The irony of this acerbic social critique was that this was the life Picabia both enjoyed, and hated, so much. By 1932 he wrote of the ‘nauseating types who populate this region’, but he continued to live there until 1945. However, it was this tension that stoked the raging fire of his strange and intoxicated imagination. He just couldn’t help himself.
During the Second World War, living under the pressures of Vichy France, this self-mockery took a further turn with his series of ‘pin-up’ paintings – erotically charged, kitschy, proto-Pop realist works whose unsettlingly cheery imagery was drawn from popular culture. Picabia was the master of creating artworks that worked as masks, both suggesting and concealing the emptiness of the Western culture around him.
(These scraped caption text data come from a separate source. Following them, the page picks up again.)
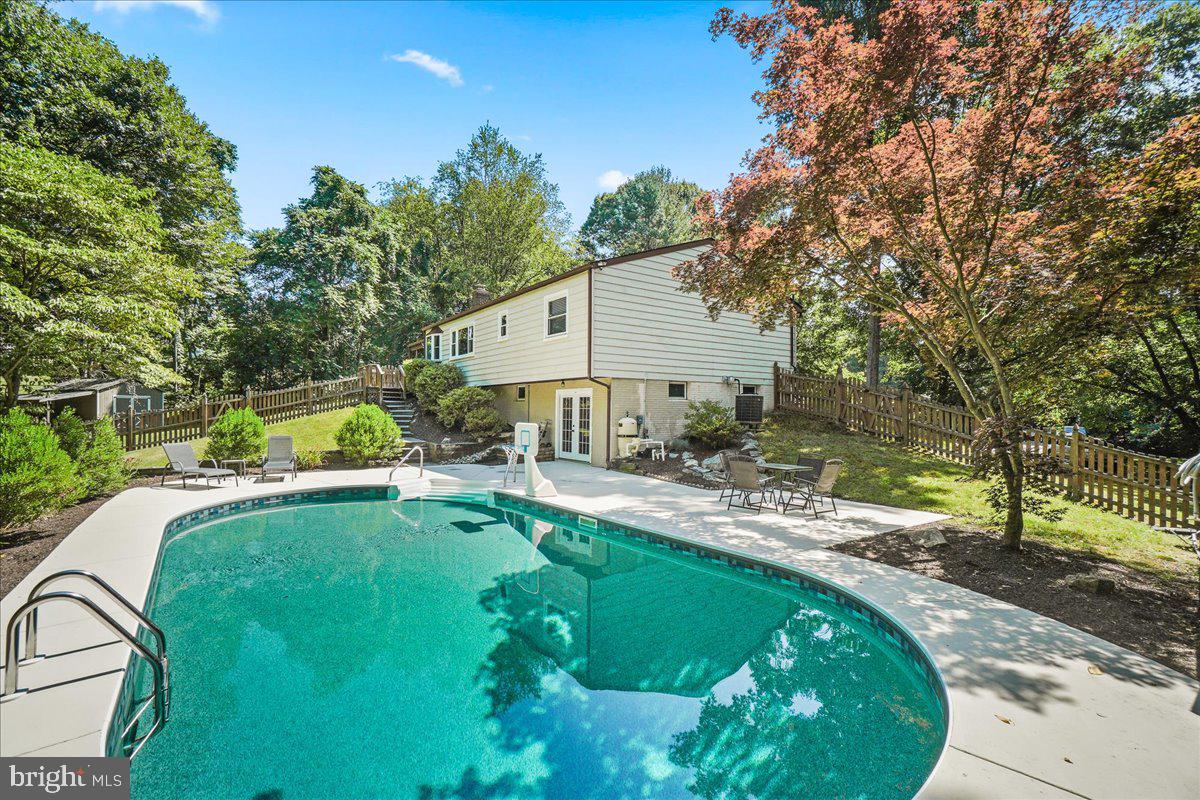 7804 HORSESHOE COURT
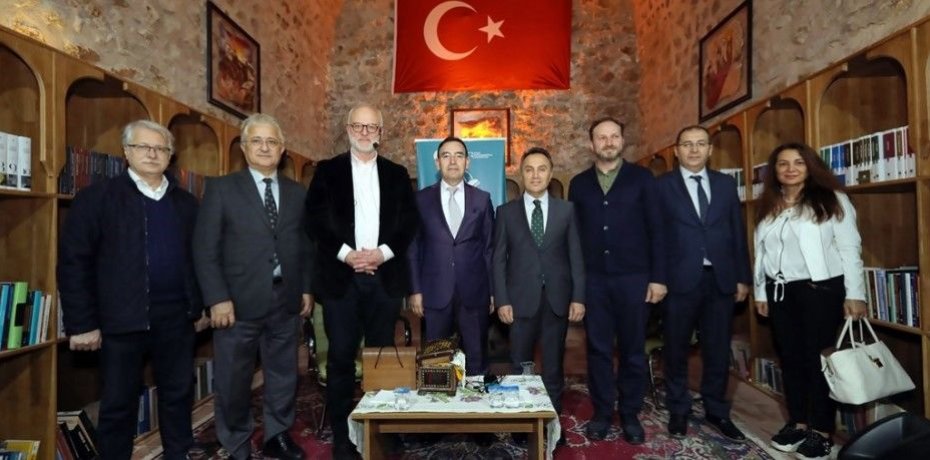 İLK TÜRK MEDRESESİNDE 'İNSANIN HUZUR ARAYIŞI' KONFERANSI YAPILDI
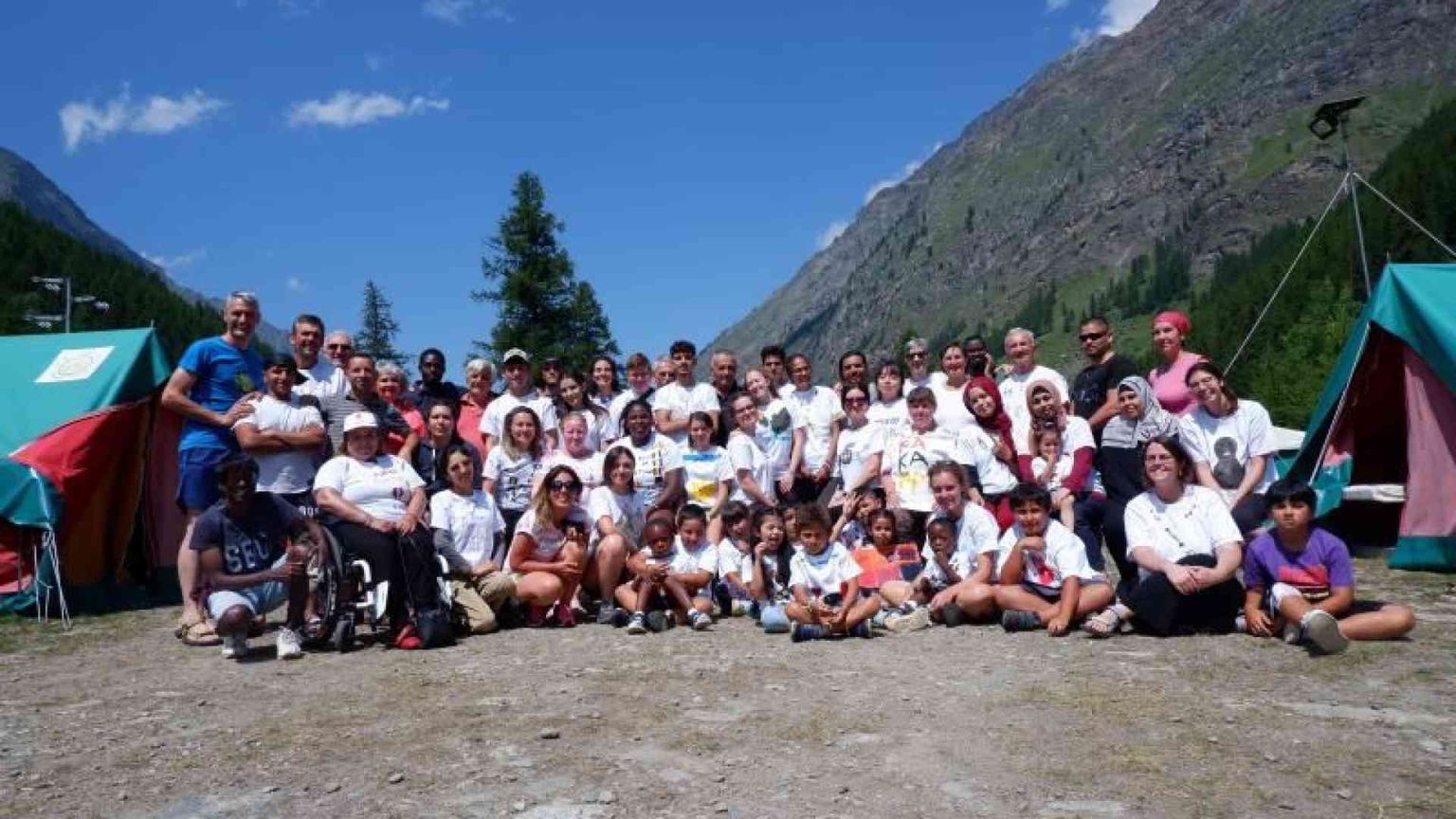 Il mondo in tenda: 60 persone di 19 Paesi in campeggio con Casa della Carità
Part of this outlook was no doubt tempered by his health – Picabia had repeated bouts of illness and depression. Yet at the heart of his work there is a vibrant, neurotic sense of humour that fizzes and burns throughout his career, one which is still apparent in his late, seemingly melancholic dot-filled abstract paintings, which are as much self-portraits as they are a perfect exercise in slow self-erasure.
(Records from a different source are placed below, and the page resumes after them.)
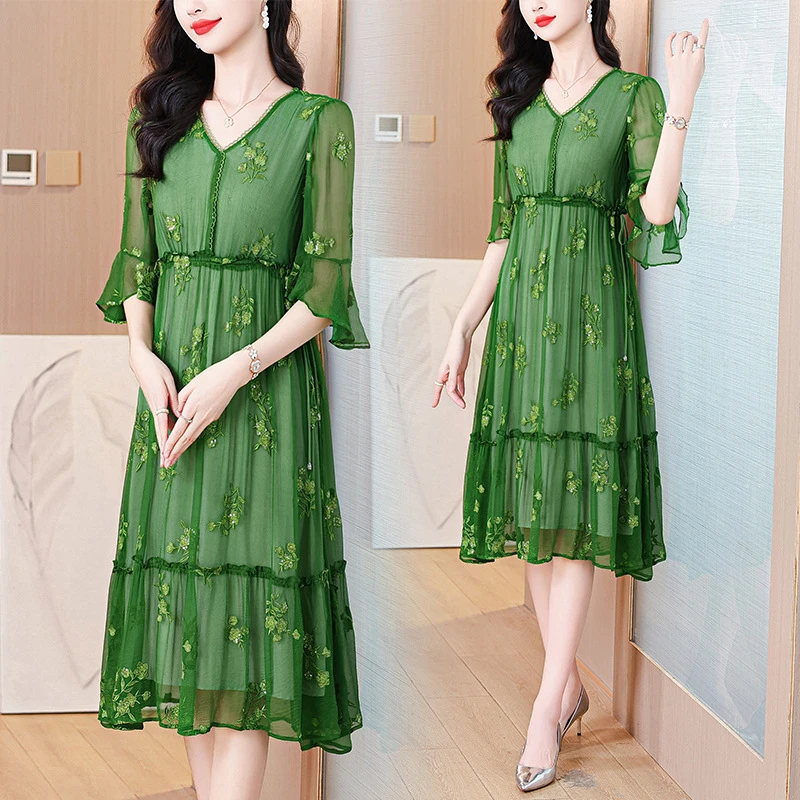 nrm7013小清新海边度假裙子女2025夏季新款时尚镂空刺绣连衣裙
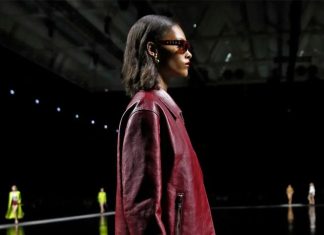 Выбор бордового пиджака из натуральной кожи: какие тенденции кроя и силуэты сейчас актуальны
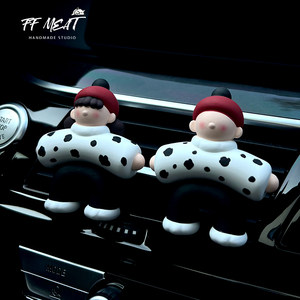 车载香薰创意可爱简约风情侣娃娃出风口夹中控装饰扩香石车内饰品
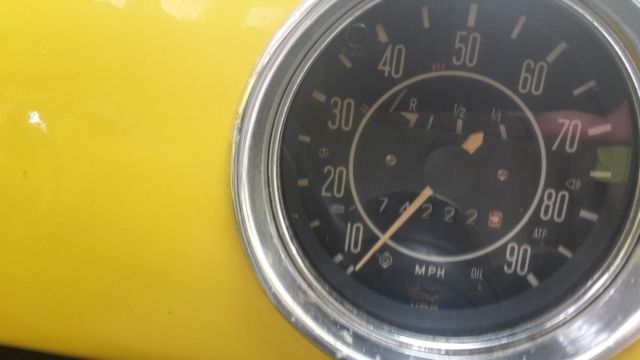 1957 yellow Volkswagen Beetle - Classic Coupe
Despite this, Picabia remained an artist who seemed to sense the edginess of every decade in which he lived, and his art never sunk into apathy or repetition. His persistent need to continually transform, experiment, and reinvent are among the qualities that make him one of the 20th-century greats. In later years Gertrude Stein would grow to understand and appreciate this methodology in Picabia. She recognised his irrepressible talent as something original and important. As she would write: ‘he understands and invents everything’. No wonder generations of artists since the 1960s have been such fans of the funny guy.
‘Francis Picabia: A Retrospective’ is at the Kunsthaus Zürich until 25 September.